DATASET ENTRIES: Begin
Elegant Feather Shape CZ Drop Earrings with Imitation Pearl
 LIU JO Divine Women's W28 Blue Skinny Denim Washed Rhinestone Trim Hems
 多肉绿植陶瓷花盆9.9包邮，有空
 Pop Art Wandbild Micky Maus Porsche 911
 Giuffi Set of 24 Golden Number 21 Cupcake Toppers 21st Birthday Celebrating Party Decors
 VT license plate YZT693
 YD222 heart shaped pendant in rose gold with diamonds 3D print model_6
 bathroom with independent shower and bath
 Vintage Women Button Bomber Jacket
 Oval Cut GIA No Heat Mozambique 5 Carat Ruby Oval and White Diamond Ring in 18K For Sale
DATASET ENTRIES: End
● **ASSIGNMENT**
In full and verbatim, transcribe the data.

● **RESULT**
Elegant Feather Shape CZ Drop Earrings with Imitation Pearl
 LIU JO Divine Women's W28 Blue Skinny Denim Washed Rhinestone Trim Hems
 多肉绿植陶瓷花盆9.9包邮，有空
 Pop Art Wandbild Micky Maus Porsche 911
 Giuffi Set of 24 Golden Number 21 Cupcake Toppers 21st Birthday Celebrating Party Decors
 VT license plate YZT693
 YD222 heart shaped pendant in rose gold with diamonds 3D print model_6
 bathroom with independent shower and bath
 Vintage Women Button Bomber Jacket
 Oval Cut GIA No Heat Mozambique 5 Carat Ruby Oval and White Diamond Ring in 18K For Sale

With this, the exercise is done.